Bonjour aimable scélérat, bonjour affreux gueux, bonjour toi, bonjour vous. Si je te tenais je t’en donnerais une soignée, de pile, que tu n’aurais pas VOLÉEa. Est-il possible de se moquer d’une pauvre Juju comme vous le faites, hein ? Laisser acheter des provisions très chères, faire veiller jusqu’à une heure du matin pour vous attendre, comme c’est spirituel et comme c’est adroit. Enfin c’est votre comique à vous, vous n’en avez pas d’autre, il faut bien vous prendre comme ça.
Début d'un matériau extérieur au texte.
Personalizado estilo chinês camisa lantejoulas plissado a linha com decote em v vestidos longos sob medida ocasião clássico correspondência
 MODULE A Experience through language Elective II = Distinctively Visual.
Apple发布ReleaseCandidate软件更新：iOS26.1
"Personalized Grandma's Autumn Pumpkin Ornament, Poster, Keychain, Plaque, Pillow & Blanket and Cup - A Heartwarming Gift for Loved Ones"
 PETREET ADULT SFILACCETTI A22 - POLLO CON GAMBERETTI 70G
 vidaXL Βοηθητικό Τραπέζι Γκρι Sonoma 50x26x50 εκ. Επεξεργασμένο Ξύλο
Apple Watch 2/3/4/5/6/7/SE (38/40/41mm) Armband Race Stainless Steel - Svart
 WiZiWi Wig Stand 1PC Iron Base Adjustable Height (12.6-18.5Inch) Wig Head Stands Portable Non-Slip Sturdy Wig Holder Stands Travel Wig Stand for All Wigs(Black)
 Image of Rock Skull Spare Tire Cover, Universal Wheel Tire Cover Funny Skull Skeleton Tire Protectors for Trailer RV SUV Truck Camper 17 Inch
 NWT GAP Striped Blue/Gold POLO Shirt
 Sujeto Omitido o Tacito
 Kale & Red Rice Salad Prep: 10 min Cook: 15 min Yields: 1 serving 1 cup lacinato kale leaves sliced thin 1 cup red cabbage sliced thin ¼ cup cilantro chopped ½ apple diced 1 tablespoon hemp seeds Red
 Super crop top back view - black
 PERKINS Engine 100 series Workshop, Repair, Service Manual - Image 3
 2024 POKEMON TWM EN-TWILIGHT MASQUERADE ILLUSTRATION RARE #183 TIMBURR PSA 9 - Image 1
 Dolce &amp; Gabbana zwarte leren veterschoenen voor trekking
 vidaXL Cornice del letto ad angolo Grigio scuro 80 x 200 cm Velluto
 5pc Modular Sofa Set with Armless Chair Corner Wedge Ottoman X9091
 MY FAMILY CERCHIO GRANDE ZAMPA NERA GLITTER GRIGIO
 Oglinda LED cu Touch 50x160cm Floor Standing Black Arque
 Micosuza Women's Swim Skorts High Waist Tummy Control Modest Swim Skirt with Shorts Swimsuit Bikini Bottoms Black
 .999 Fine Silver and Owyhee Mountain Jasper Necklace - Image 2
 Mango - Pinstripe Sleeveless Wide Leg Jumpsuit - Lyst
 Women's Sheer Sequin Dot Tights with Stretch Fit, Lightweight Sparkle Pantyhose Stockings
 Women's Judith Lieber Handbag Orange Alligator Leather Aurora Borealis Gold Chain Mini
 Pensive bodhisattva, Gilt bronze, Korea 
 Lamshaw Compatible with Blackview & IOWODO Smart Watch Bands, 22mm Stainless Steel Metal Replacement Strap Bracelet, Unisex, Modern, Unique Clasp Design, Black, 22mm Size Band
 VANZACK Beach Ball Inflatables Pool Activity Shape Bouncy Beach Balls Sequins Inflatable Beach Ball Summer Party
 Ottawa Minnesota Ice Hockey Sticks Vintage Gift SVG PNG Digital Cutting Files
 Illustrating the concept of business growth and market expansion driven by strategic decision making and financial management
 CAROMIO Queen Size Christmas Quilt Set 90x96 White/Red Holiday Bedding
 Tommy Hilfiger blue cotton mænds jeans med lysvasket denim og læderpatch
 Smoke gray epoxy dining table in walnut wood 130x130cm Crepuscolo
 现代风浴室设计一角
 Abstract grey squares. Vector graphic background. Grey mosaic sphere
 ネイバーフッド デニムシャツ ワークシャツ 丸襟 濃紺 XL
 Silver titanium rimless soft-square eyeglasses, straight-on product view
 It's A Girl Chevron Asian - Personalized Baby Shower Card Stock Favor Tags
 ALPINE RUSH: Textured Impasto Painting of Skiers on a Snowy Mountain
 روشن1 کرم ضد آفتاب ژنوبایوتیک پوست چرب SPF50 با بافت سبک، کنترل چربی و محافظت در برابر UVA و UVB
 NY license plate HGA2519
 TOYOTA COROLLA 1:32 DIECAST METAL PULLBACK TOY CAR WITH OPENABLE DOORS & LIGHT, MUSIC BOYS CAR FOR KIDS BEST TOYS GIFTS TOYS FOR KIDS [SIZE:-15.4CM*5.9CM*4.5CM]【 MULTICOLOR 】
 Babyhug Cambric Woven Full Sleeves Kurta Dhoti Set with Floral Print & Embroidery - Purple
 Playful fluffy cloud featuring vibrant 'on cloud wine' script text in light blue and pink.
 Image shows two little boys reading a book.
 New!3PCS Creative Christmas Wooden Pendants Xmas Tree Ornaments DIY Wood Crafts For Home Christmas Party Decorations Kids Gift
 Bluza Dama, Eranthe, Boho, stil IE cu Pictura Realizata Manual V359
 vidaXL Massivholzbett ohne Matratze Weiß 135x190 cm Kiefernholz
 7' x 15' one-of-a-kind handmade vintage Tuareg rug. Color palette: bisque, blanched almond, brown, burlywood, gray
D’ailleurs je ne peux pas vous en vouloir, j’ai bien assez de vous désirer. Je ne pense plus maintenant qu’à vous revoir le plus vite possible. J’espère, mon adoré, que tu ne seras pas aussi féroce que l’autre fois et que tu ne resteras pas jusqu’à demain soir [1] ? Ma foi, si tu étais capable de me faire autant de mal sans regret, je ne sais pas ce que je deviendrais.
J’ai copiéb juste les deux tiers de ce que tu m’as donné hier, je finirai l’autre tiers tantôt [2]. J’ai copié les inscriptions latines et les inscriptions grecques, tu m’en donneras des bonnes nouvelles. [Πνόρλίτοώ ?] [3] : qu’est-ce que tu dis de ceci cité de mémoire ? Je crois que ce n’est pas mal, hein ? Qu’en dis-tu ? Qu’en dis-tu ? Tu es collé, voilà tout. Je te pardonne ma supériorité. Baise-moi et reviens bien vite, je t’aime.

Juliette

BnF, Mss, NAF 16346, f. 245-246
Transcription de Gwenaëlle Sifferlen assistée de Florence Naugrette

a) « VOLLÉE ».
b) « copier ».


25 septembre [1841], [samedi] après-midi, 4 h. ¾

Je viens de finir de copier entièrement la tâche que vous m’aviez donnéea, mon amour, et je vous attends avec impatience pour vous en redemander bien vite une autre. Après le bonheur de vous entendre CLABAUDER, je n’en connais pas de plus ravissant que de lire vos RAVAUDERIES (style de Mme de Sévigné) [4]. Mâtin de chien, on voit bien que je ne lis pas de la petite BIÈREb à mes citations et à ma manière de goûter ce qui est bon. Tâchez donc, mon Toto, de venir ce soir pour me donner de l’ouvrage vite vite car je suis en train de TRAVAILLER, et encore plus en train de vous AIMER, ce qui exige impérieusement votre présence.
J’ai eu Résisieux, Jonas, Julie et leur bonne tout à l’heure [5]. Elle venait de la distribution des prix [6]. J’ai enfin vu, de mes deux yeux vu, le fameux tableau à l’aiguille représentant un cheval tenant son domestique par la bride, ce qui ne manque pas d’un certain style comme composition et comme exécution et ce qui a valu à la susdite Résisieux le premier prix de………c mémoire. On n’est pas plus logicienne que cette maîtresse d’école et je lui en faisd tous mes compliments en attendant que je puisse vous faire tous mes baisements, car tout ce que je vous dis là n’est qu’une manière de passer le temps fort piteusement en vous désirant de toutes mes forces et de toute mon âme. Baisez-moi, scélérat, et venez bien vite avec votre pauvre

Juju

BnF, Mss, NAF 16346, f. 247-248
Transcription de Gwenaëlle Sifferlen assistée de Florence Naugrette

a) « donné ».
b) « BIERRE ».
c) Il y a dix points de suspension.
d) « fait ».

Notes

[1Pendant l’été 1841, les Hugo ont loué à Saint-Prix, dans le Val-d’Oise, un appartement meublé de la mi-juin à la mi-octobre, et le poète y passe du temps de juillet à octobre pour terminer la rédaction du Rhin.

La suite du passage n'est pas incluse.